Mitch Harris. To this point, Harris is best known for returning to baseball after a five-year absence to fulfill his obligation after graduation from the Naval Academy. But the 6-foot-4 right-hander became more than a feel-good story last year when he advanced through three levels of the minors. The showing was enough to earn him his first invitation to big-league camp. Now he needs to do something with it. At 29, Harris might not get many more chances.
Carson Kelly. While the Cardinals aren't thinking much these days about a successor to Yadier Molina, someday they will have to. At this point, the 20-year-old Kelly is as good a candidate as they have. A second-round pick in 2012, Kelly was converted from third base to catcher last year. You can be sure the club would like to see Kelly behind the plate this spring to measure his progress.

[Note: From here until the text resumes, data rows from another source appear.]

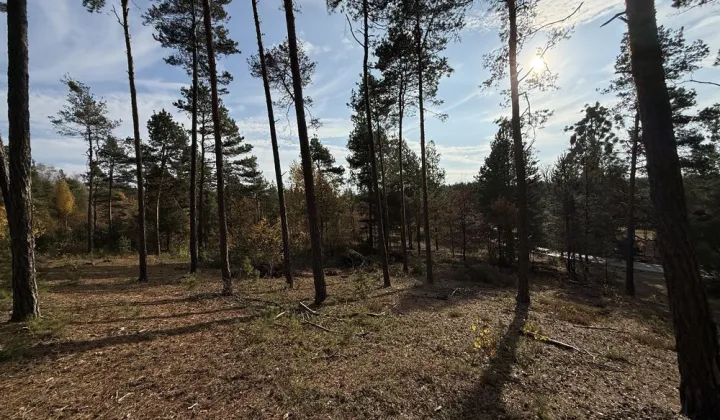 Działka budowlana Tereszpol-Kukiełki
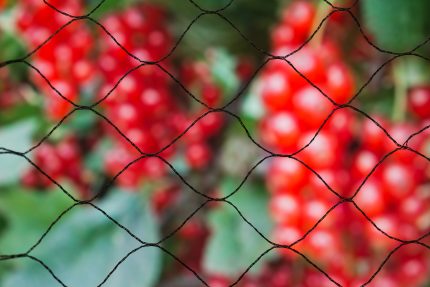 Madárháló fekete28x28mm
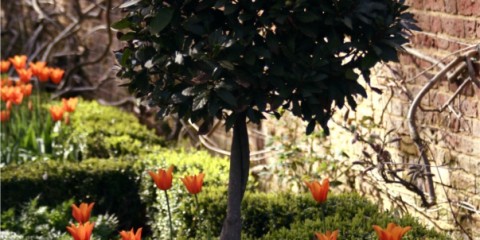 bay tree, tulips and perennial forget-me-nots at Caversham Court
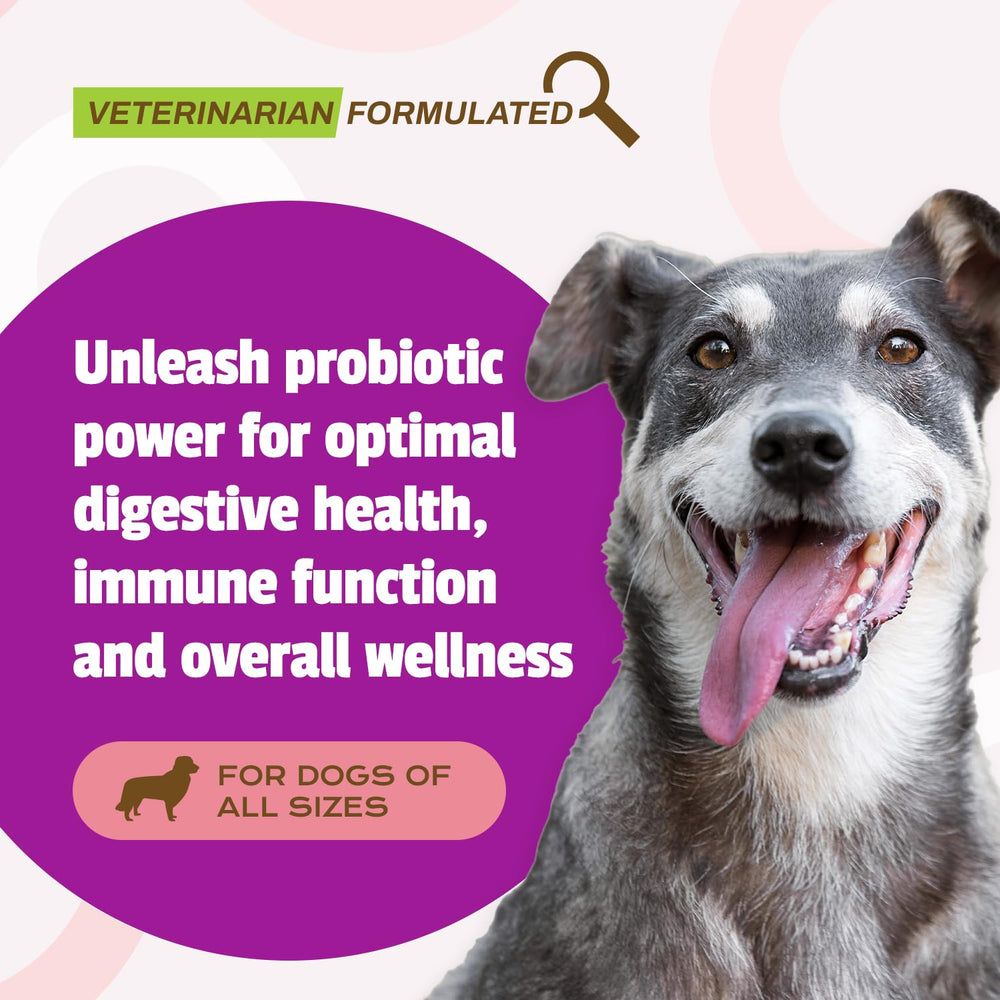 Pet Naturals Probiotics para perros: masticables sabor pato para cuidado diario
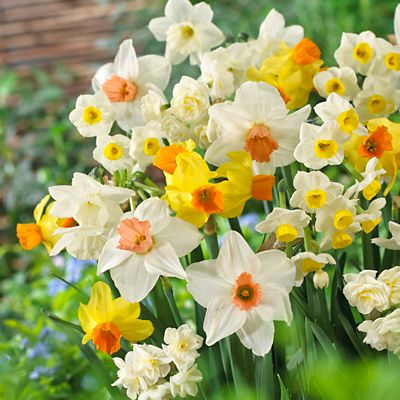 Narcissus ‘All In One’ Bulbs | Terrain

Ty Kelly. The switch-hitting utilityman is considered a candidate to make the club as an extra infielder after being picked up in a trade with Seattle. Kelly impressed the club by hitting 15 homers in Class AAA last season. A good power showing in March is likely to earn Kelly, 26, a shot at St. Louis at some point in 2015.
Zach Petrick. Signed as an undrafted free agent in 2012, Petrick made a strong impression in 2013 when he was named the Cardinals' Minor League Pitcher of the Year. The 25-year-old right-hander enjoyed a solid 2014 spent mostly in the Memphis rotation. This is his second big-league camp; he pitched four times last year with just so-so results.
Alex Reyes. Only 20, the hard-throwing right-hander did not pitch above low Class A last season, though he did get one outing in a big-league spring training game. He should get at least one this spring, too, but more to gain experience than to put himself on the club's radar. His 100-mph heat already has done that.
Sam Tuivailala. He's just 22 with a fastball that he can throw in the upper 90-mph range, so he doesn't need a big spring to remain a key part of the Cardinals' future. But he has a chance to speed up the timetable on his ETA in St. Louis. Mainly, he needs to avoid the type of problems he endured in a brief call-up last year. Tuivailala pitched twice and struggled mightily, giving up five hits -- two homers -- and walking two while recording only three outs.